_TASK BRIEF_
Beginning at the line containing "电影欲海双艳高清无删减在线观看", repeat each line below exactly up to and including the line containing "배철순 국민의힘 예비후보가". Do not repeat the pictures.

_GIVEN RECORDS_
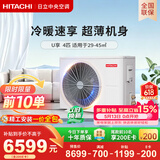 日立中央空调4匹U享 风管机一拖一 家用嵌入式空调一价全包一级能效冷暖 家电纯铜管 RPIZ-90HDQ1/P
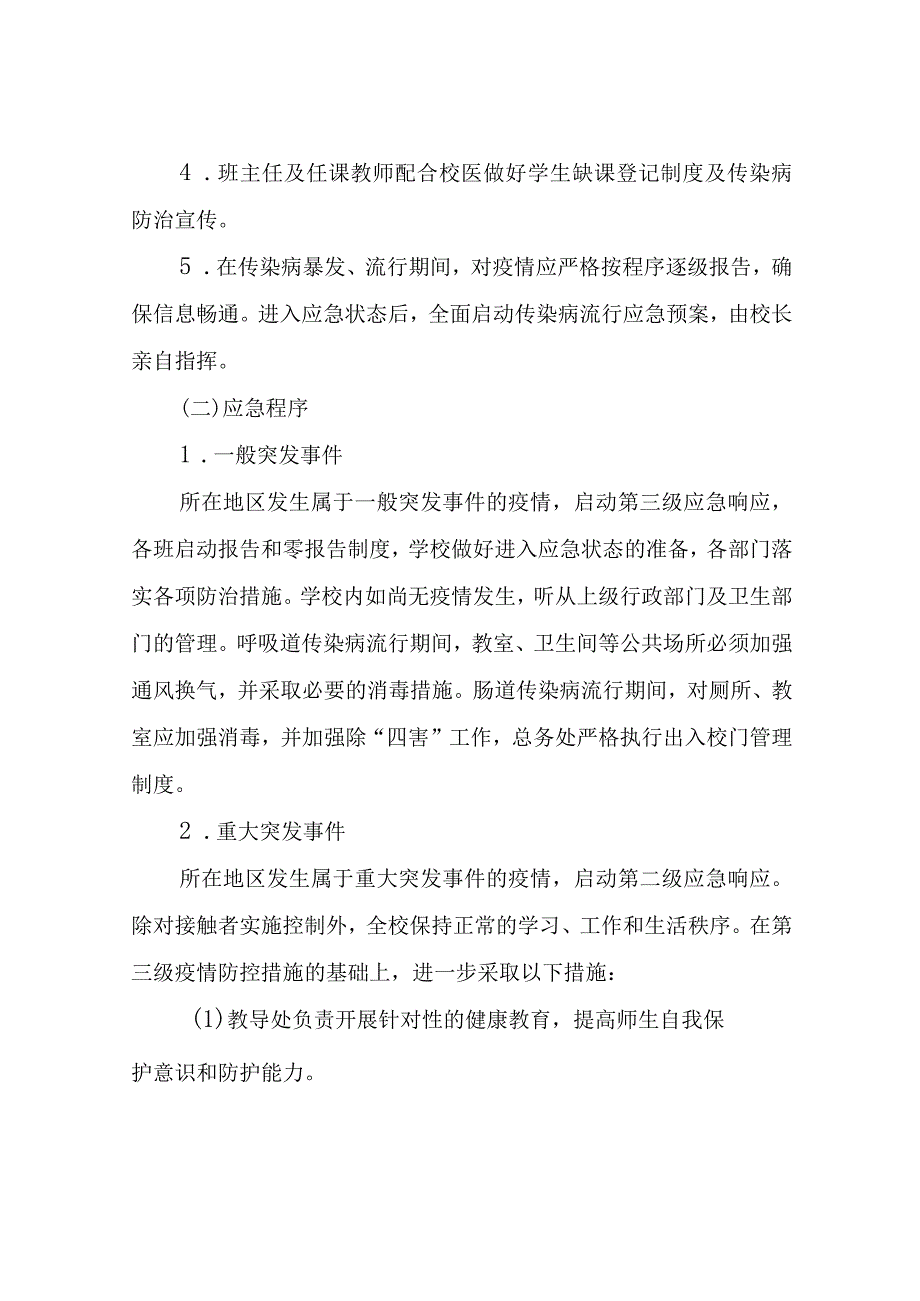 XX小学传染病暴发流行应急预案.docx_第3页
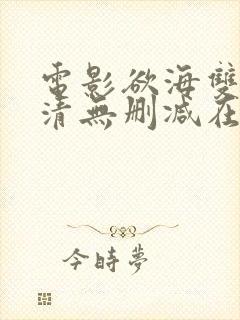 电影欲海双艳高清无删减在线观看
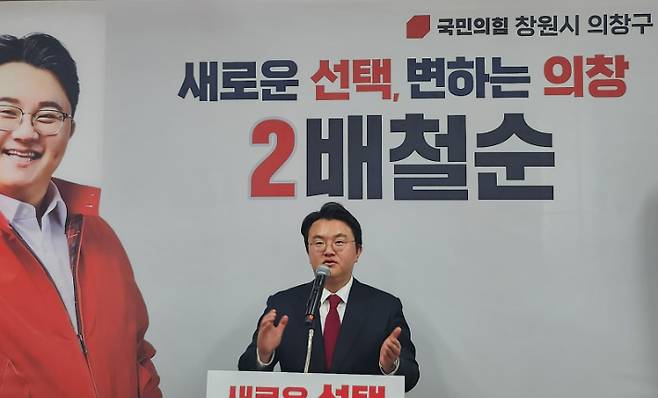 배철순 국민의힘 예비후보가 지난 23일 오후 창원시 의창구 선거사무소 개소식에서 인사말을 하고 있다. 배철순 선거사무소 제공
...
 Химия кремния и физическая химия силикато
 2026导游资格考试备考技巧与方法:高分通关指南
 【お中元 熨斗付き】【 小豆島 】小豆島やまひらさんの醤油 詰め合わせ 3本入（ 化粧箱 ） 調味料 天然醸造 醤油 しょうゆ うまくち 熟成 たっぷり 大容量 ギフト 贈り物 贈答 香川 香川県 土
---
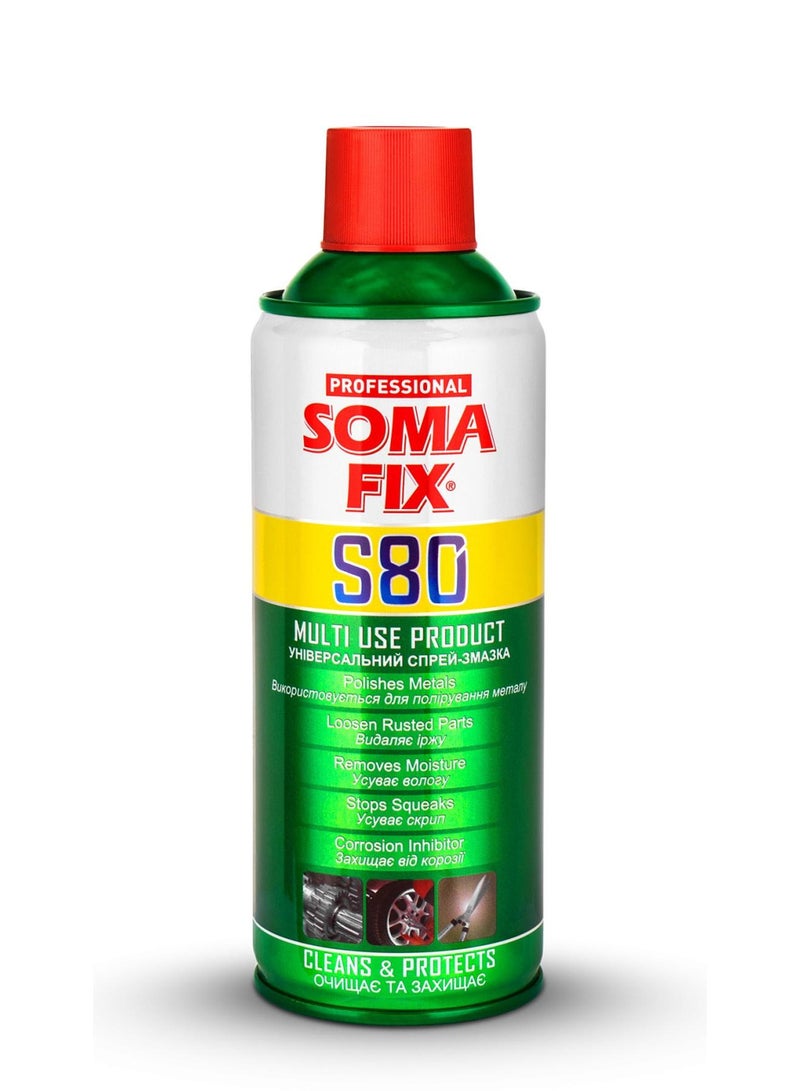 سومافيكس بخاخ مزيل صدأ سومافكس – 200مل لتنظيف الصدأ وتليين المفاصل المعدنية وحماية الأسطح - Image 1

_YOUR RESPONSE_
 电影欲海双艳高清无删减在线观看
 배철순 국민의힘 예비후보가 지난 23일 오후 창원시 의창구 선거사무소 개소식에서 인사말을 하고 있다. 배철순 선거사무소 제공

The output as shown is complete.